Antarctica and Other News

Comments that go beyond praise and nays Johan adds information about Antarctica and why the British are worried — Antarctica is not an island with ice, it’s a continent with ice. Apparently the balance between melting in one area and more ice being deposited in another area may no longer be holding. When I find more information on this, I’ll post myself.

In a January 19 post on his own blog, Johan discusses this further. His blog is always interesting, check it out generally.

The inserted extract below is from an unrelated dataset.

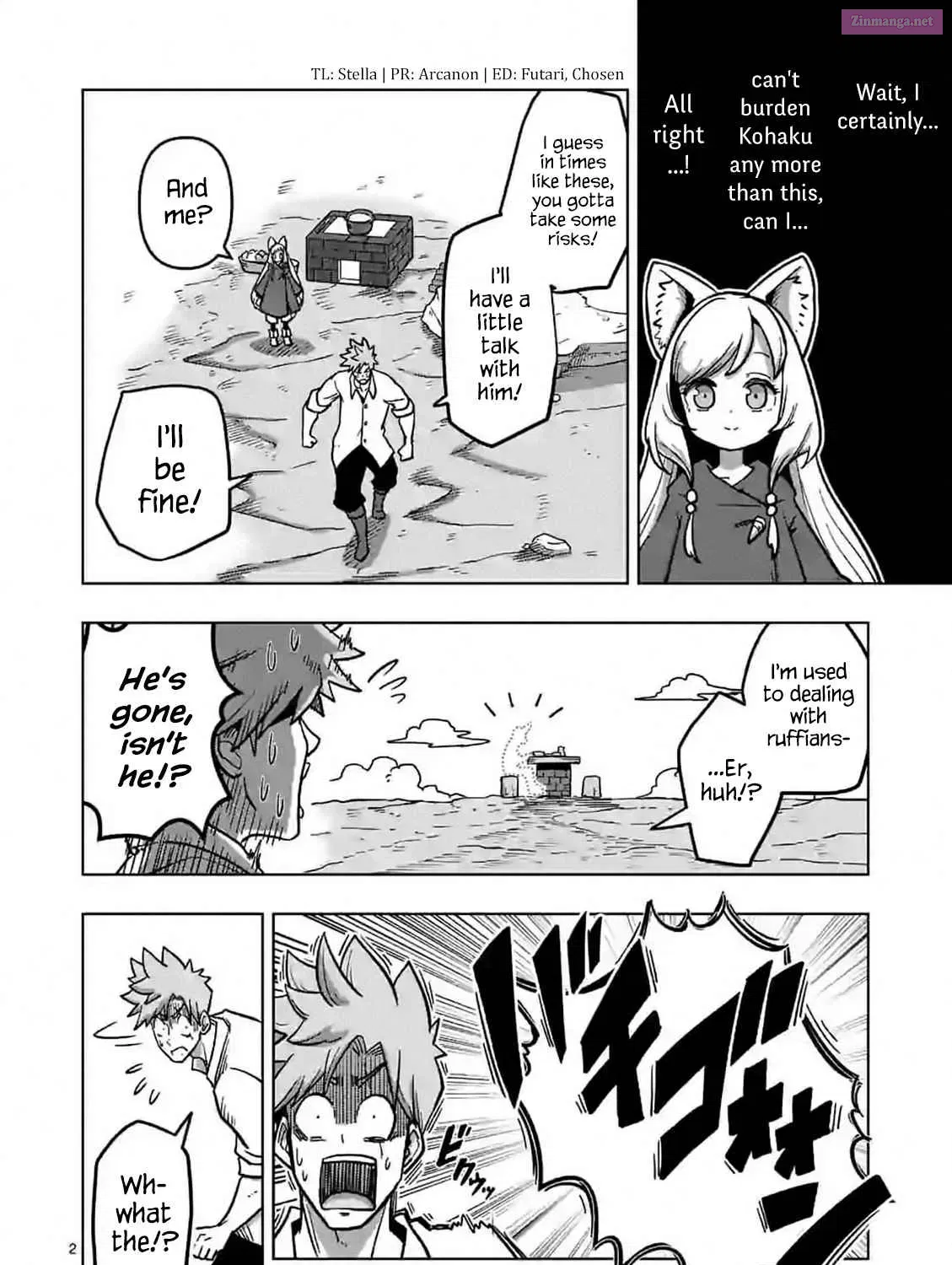 Iken Senki Völundio Chapter 5 page 3 - MangaNelo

The always excellent Juliet Elperin in today’s Washington Post looks at some of the concerns being strongly expressed in the scientific community about how rapidly people need to cut back carbon use (half in 50 years, even as population and per capita consumption continue to rise). As I understand it, there are a range of estimates coming from the science and energy policy communities, and many recommend much more rapid and sharp reductions in carbon use, but the article doesn’t reflect that there are pessimists involved in climate and energy policy more pessimistic than those cited.

Major point: we are looking at creating a Earth widely different from the one we currently live on, just as this Earth is very different from 20,00 years ago, think ice several km thick over Wisconsin. This new Earth may occur in the lifetime of many people who are alive today.

Also discussed is the Bush administration’s attempt to muzzle one of the most respected people studying climate change, James Hansen of NASA. This is a clever tactic, encouraging news sources and blogs that only cover controversy to cover climate change as well. The result is that Bush doesn’t get any kudos from any source, but the information is more widely spread.

But not widely spread enough. Think how slowly Americans responded to information about tobacco. We don’t have that amount of time, apparently, to respond to climate change.

Real Climate looked more than a year ago at What does the lag of CO2 behind temperature in ice cores tell us about global warming? While the numbers appear to be slightly different from what I heard John Harte say (preceding blog), the concept is the same: normally orbital changes cause the Earth to start warming, more carbon dioxide is produced, and the Earth warms much more than can be explained by the orbital changes alone.